Eleventh Sunday after Pentecost – 2020

My dear friends in our Lord: Glory to Jesus Christ!

In today’s Gospel, our instructs us with a parable. In the parable, we have a king, settling accounts with his servants. One servant is brought to the king, and this servant owed the king an amazing amount of money – ten thousand talents – the equivalent of over a billion dollars in our day, and this servant had no means to pay back to king what he owed. The king at first demands that the servant and servant’s family be sold off, in order to make good the debt. But the servant falls down before the king and he begs him to have patience, and promises him that he would pay off the entire debt. The king was so moved with pity that he forgave the debt of his servant.

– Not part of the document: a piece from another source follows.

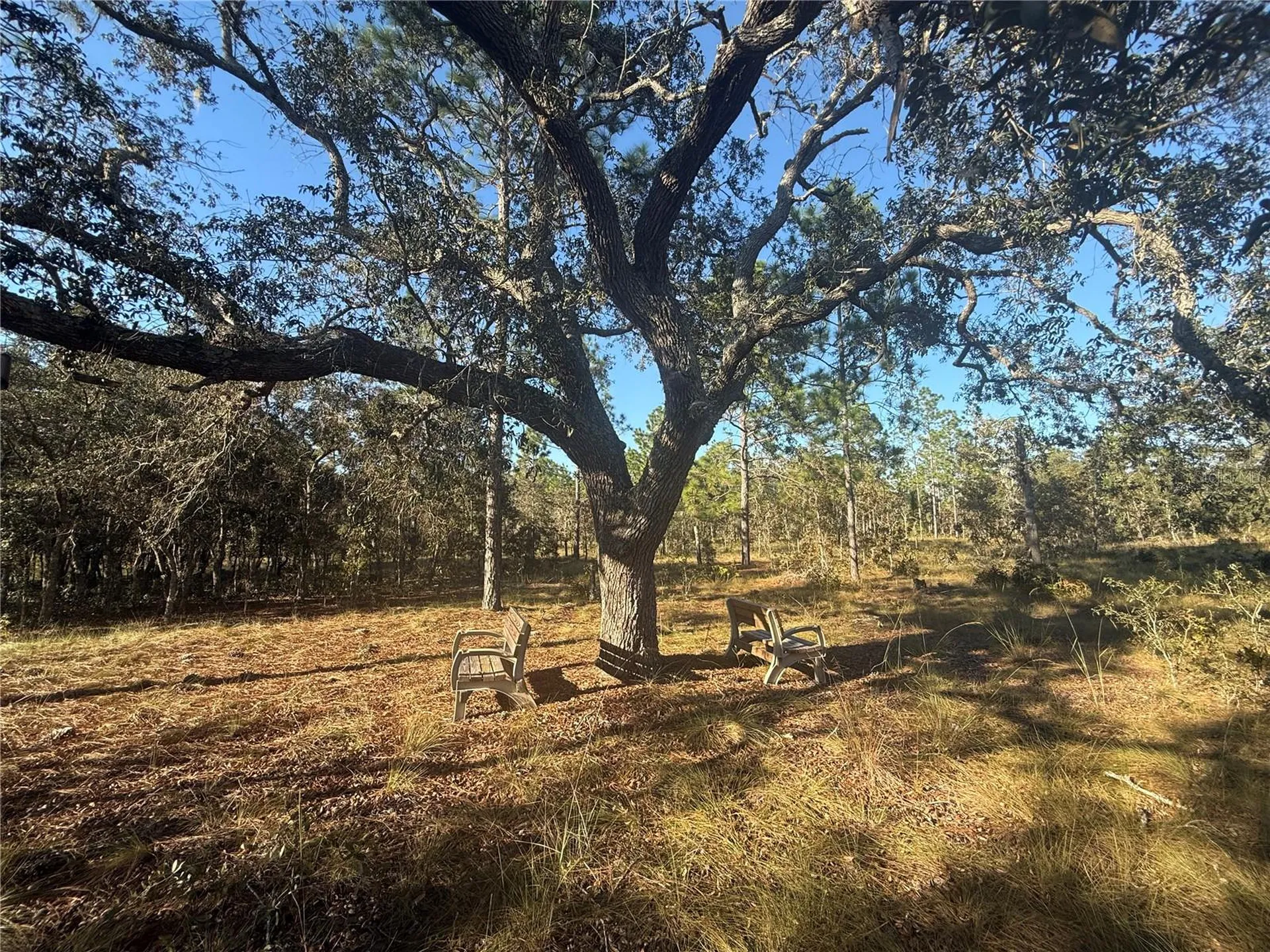 00 SE 73rd Lane Morriston FL 32668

Then, as we hear, this same servant goes out and he meets a fellow-servant. And this fellow-servant happened to owe him a hundred pence – about a dollar. And the servant who was owed a dollar throttles his fellow-servant, and he demands to be paid what he was owed.

The fellow-servant falls down before him and begs him to be patient, and he would repay him all, just as the servant who was owed these hundred pence had just done before the king.

The servant would have none of it, and he had his fellow-servant, the one who owed him all of one hundred pence, thrown into prison until he paid the debt.

Then, as the Gospel tell us:

[H]is fellow servants seeing what was done, were very much grieved, and they came and told their lord all that was done. Then his lord called him; and said to him: Thou wicked servant, I forgave thee all the debt, because thou besoughtest me: shouldst not thou then have had compassion also on thy fellow servant, even as I had compassion on thee? And his lord being angry, delivered him to the torturers until he paid all the debt.

Our Lord concludes: So also shall My heavenly Father do to you, if you forgive not every one his brother from your hearts.

A very sobering parable, for we see that before God, we are all of us debtors to the sum of ten thousand talents, because of the good things and the gifts we have received from God and which we have squandered away. For every day itself is a gift that no amount of money could purchase. We are given each day the priceless gift of life, and by sin we choose death. We have the gift of our free will – something not even then thousand talents could purchase – and yet we use it to sin against the One Who gave it to us.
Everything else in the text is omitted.